The strategy is to revolve around the keywords “signature,” “premium” and “connector,” Gulf Air CEO Martin Gauss told Aviation Week on the sidelines of the IATA annual general assembly in Rio de Janeiro June 6. While not revealing many of the details yet, Gauss said the airline plans to take advantage of the fastest minimum connecting time offered in the Middle East region—40 minutes.
Gauss, the former CEO of Air Baltic, has been with Gulf Air for seven months and has been tasked with establishing a new strategy that is to define the airline for the next ten years. He has been working with a consultancy to weigh elements of the strategy for several months and the process is to be completed in the next three weeks.
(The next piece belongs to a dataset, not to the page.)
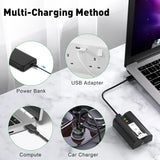 Replacement Battery for Ring Video Doorbell 2/3/3+/4 & Stick Up Cam – 3.65V 6040mAh Quick Release Battery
Choices for the future strategy had been narrowed down by Gauss and his management team before the consultancy had been brought in.
Mumtalakat, Bahrain’s sovereign wealth fund controlling Gulf Air, has also given Gauss “a clear target” of making Gulf Air profitable again. Gauss wants to make use of the “amazing brand from the past” and combine it with new elements such as digitalization and speed. He also says the connection between Gulf Air and Bahrain must become more visible to customers abroad.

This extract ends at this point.